Wrong output from Cuda `vision.multibox_transform_loc`

vision.multibox_transform_loc run on Cuda give wrong output .

def multibox_transform_loc(
    cls_prob, loc_pred, anchor, clip=True, threshold=0.01, variances=(0.1, 0.1, 0.2, 0.2)
)

vision.multibox_transform_loc output

  1. wrong ---- cls_prob is GPU output, loc_pred is const expr .
  2. wrong ---- cls_prob is GPU output, loc_pred is GPU output .
  3. correct ---- cls_prob is const expr, loc_pred is const expr .

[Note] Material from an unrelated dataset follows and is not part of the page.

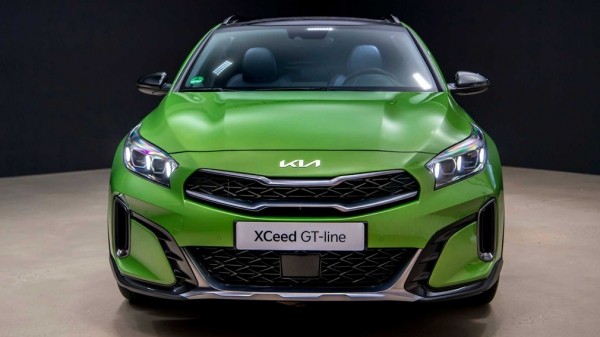 Компания KIA представила обновленную модель KIA XCEED 2023 года для европейского рынка Компания KIA представила обновленную модель KIA XCEED 2023 года для европейского рынка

Gpu output and Data dump(from caffe blobs) diff:

  1. cls_prob ------ mbox_conf_softmax 1.9020114e-06
  2. loc_pred ------ mbox_loc 4.2561445e-05

Shapes

  1. cls_prob ------ (1, 2, 7650)
  2. loc_pred ------ (1, 30600)

Three output above line 5587 is same. On image 3 (correct output) below line 5587 values is extramly small.

Any suggestions would be greatly appreciated!

This repo can reproduce the bug on tvm repo commit 4c77bae772ad68f3dc4dda009384cb65af9dfaec

How do you run these three tests? Are the CUDA kernel for multibox_transform_loc the same?

This repo can reproduce the bug on tvm repo commit 4c77bae772ad68f3dc4dda009384cb65af9dfaec

@vinx13

Exact same CUDA kernel

Thanks. I haven’t found exact reason, but seems this is related to some optimization pass. Setting opt_level=0 can produce correct result.

Thanks for test this problem. I’m not familar with Cuda, try to learn something to understand what’s going wrong.